◆ TASK REQUIREMENTS:
Please return the listing exactly as it stands, skipping any pictures.

◆ MATERIAL PROVIDED:
---

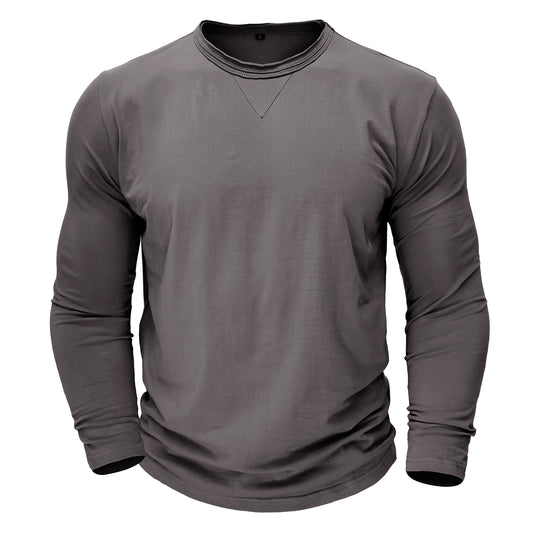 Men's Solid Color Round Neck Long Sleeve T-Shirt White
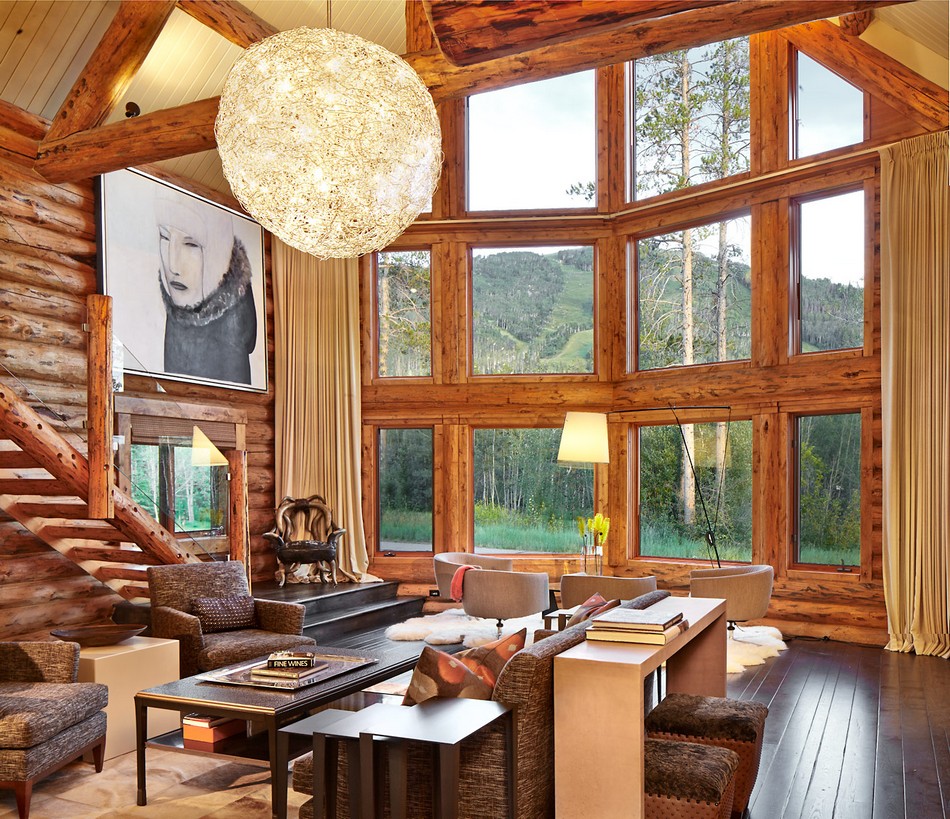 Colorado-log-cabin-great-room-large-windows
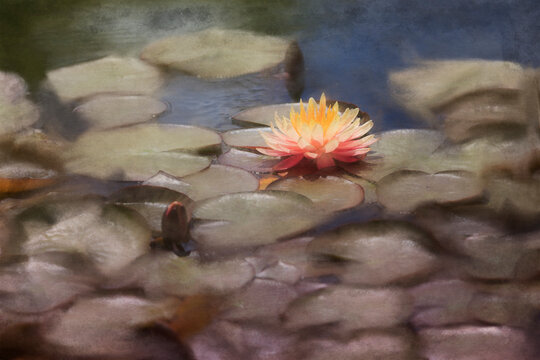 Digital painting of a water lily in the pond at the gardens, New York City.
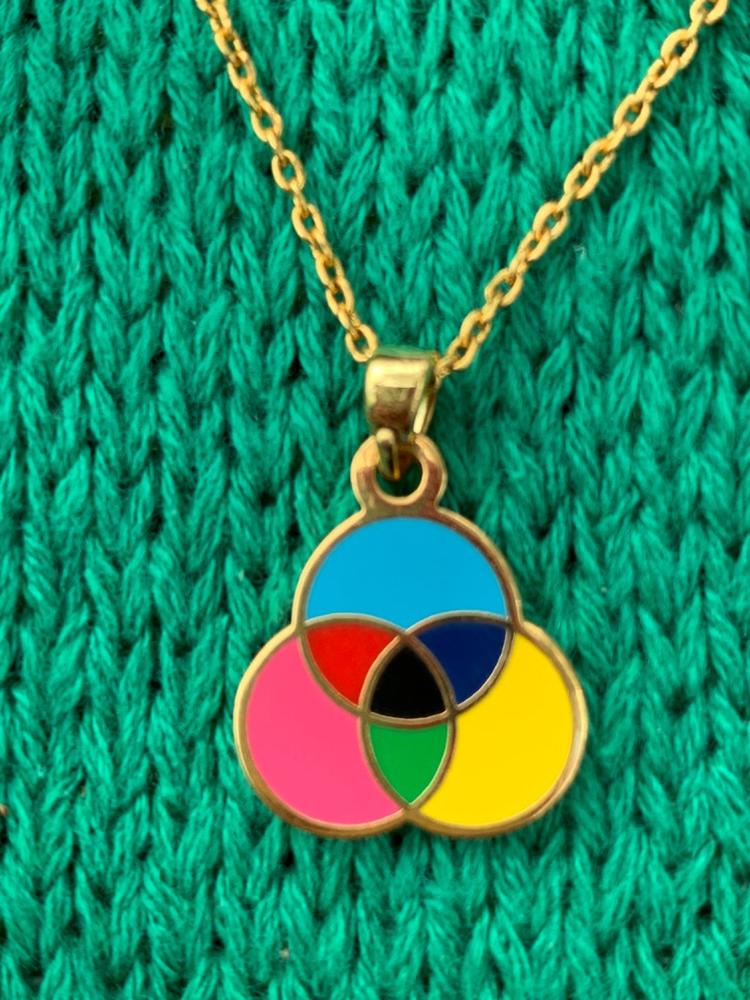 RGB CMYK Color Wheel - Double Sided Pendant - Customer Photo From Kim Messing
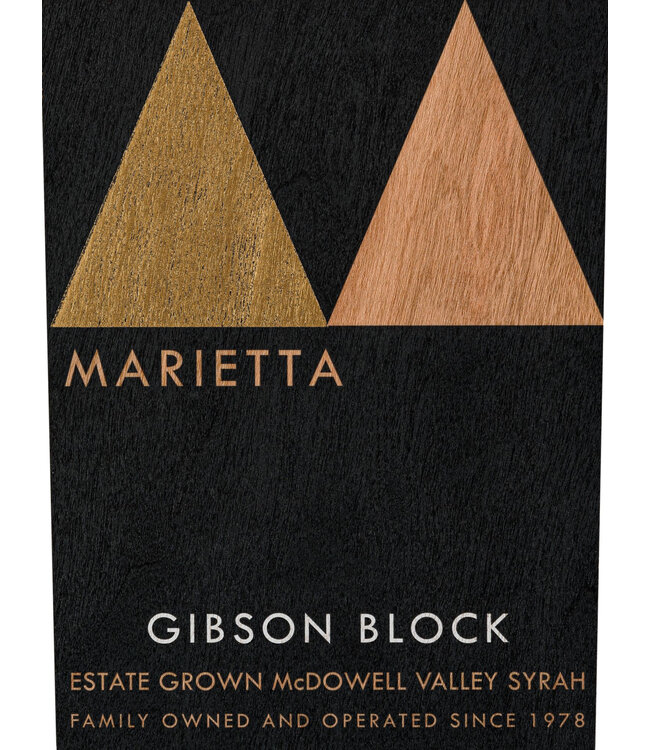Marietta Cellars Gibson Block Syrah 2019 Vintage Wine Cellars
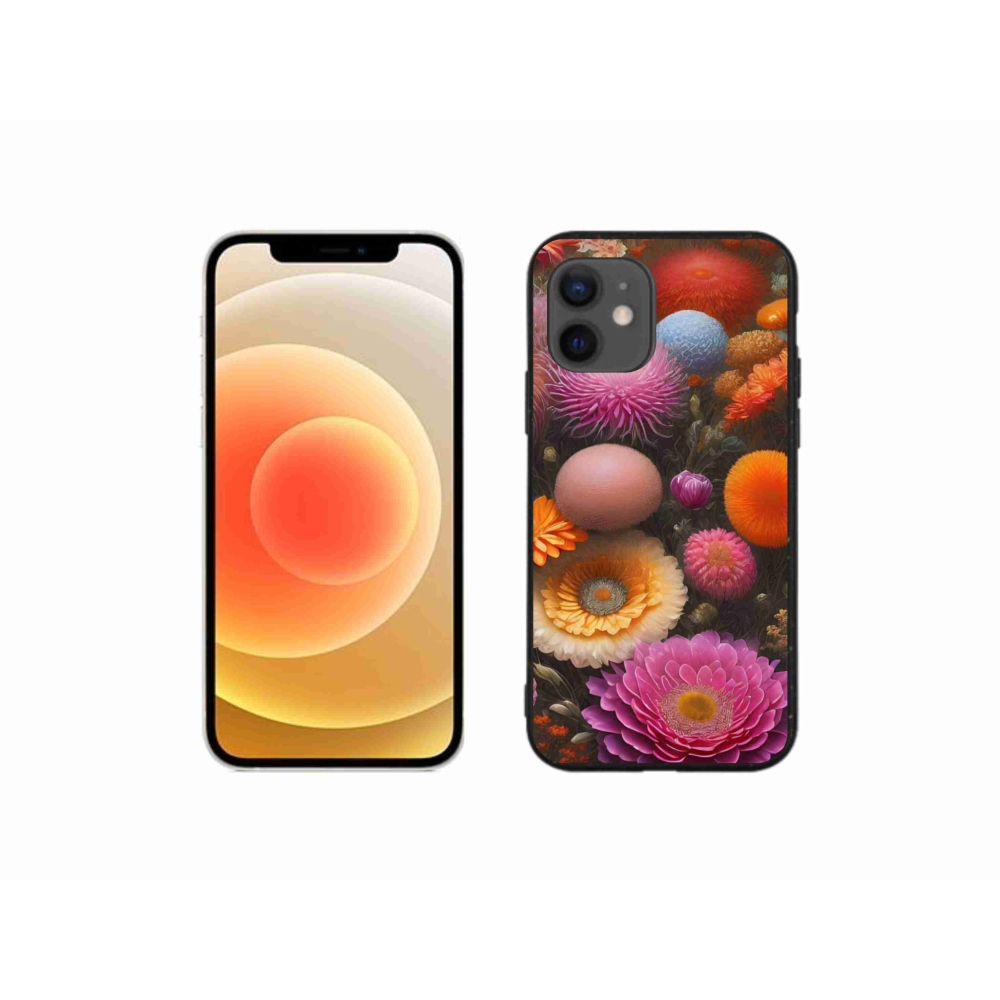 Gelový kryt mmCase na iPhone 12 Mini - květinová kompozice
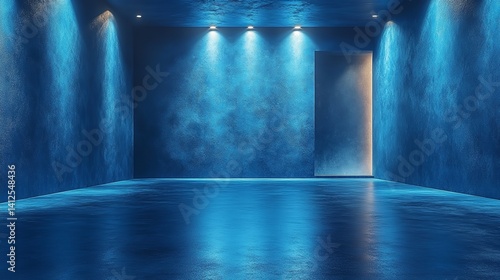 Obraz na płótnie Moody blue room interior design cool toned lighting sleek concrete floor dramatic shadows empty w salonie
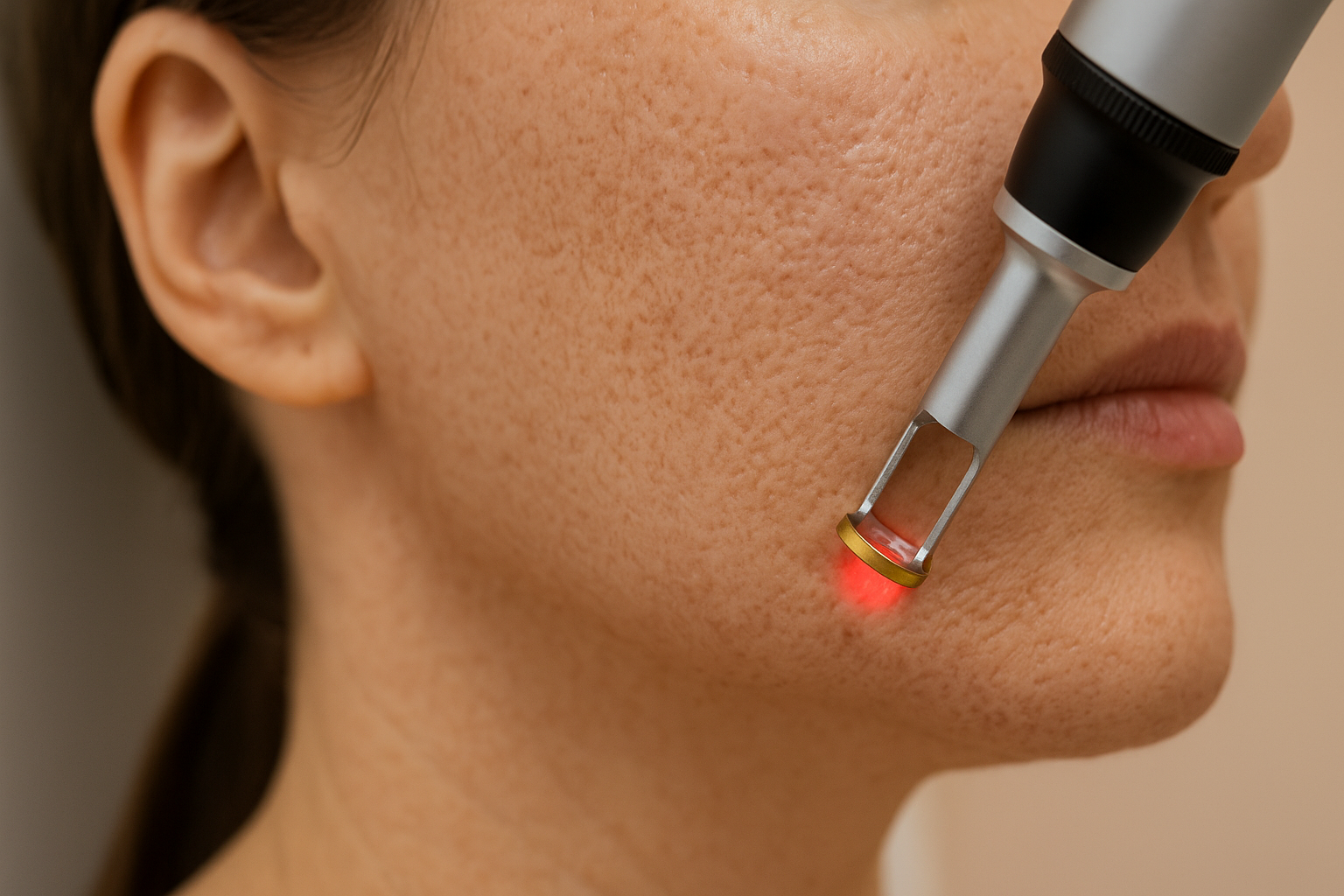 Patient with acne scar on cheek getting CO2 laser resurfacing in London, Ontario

---

◆ WRITTEN ANSWER:
 Men's Solid Color Round Neck Long Sleeve T-Shirt White
 Colorado-log-cabin-great-room-large-windows
 Digital painting of a water lily in the pond at the gardens, New York City.
 RGB CMYK Color Wheel - Double Sided Pendant - Customer Photo From Kim Messing
Marietta Cellars Gibson Block Syrah 2019 Vintage Wine Cellars
 Gelový kryt mmCase na iPhone 12 Mini - květinová kompozice
 Obraz na płótnie Moody blue room interior design cool toned lighting sleek concrete floor dramatic shadows empty w salonie
 Patient with acne scar on cheek getting CO2 laser resurfacing in London, Ontario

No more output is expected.